WHAT YOU ARE ASKED TO DO.
Print the data below verbatim, minus images.

MATERIAL PROVIDED.
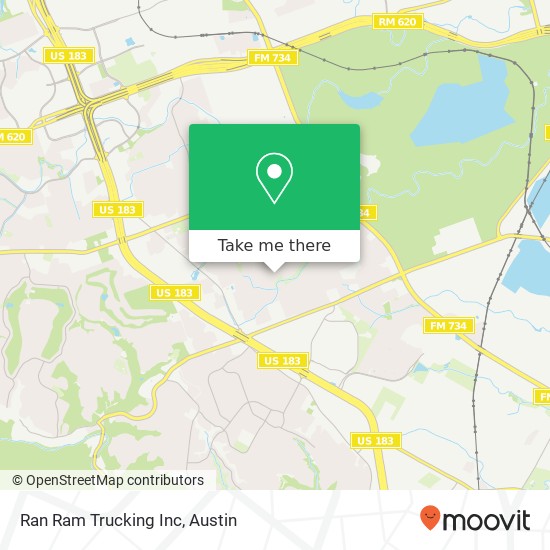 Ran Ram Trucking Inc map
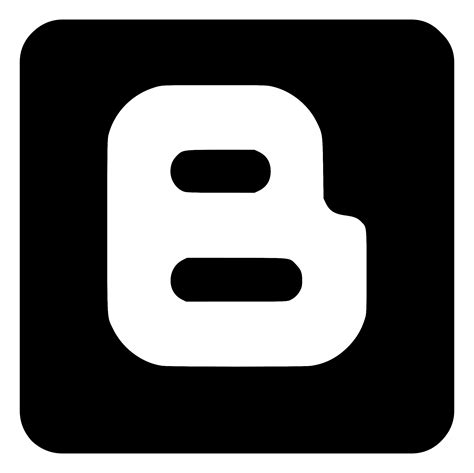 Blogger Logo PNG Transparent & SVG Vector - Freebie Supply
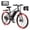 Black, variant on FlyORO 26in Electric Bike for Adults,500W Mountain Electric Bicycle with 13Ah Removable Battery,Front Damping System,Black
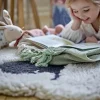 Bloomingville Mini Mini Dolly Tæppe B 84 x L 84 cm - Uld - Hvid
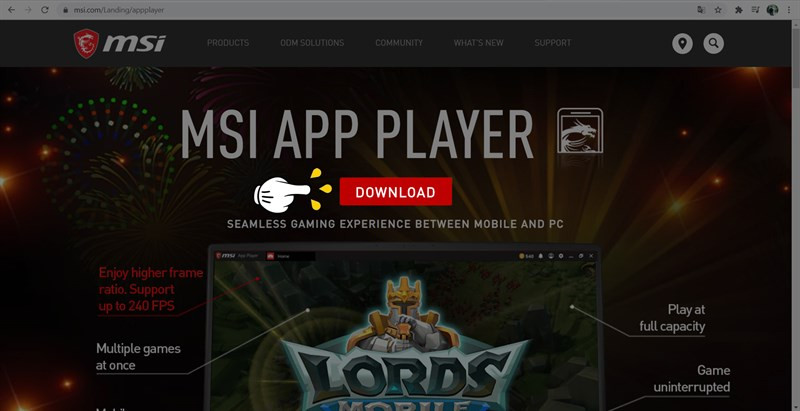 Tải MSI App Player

EXERCISE RESPONSE.
 Ran Ram Trucking Inc map
 Blogger Logo PNG Transparent & SVG Vector - Freebie Supply
 Black, variant on FlyORO 26in Electric Bike for Adults,500W Mountain Electric Bicycle with 13Ah Removable Battery,Front Damping System,Black
 Bloomingville Mini Mini Dolly Tæppe B 84 x L 84 cm - Uld - Hvid
 Tải MSI App Player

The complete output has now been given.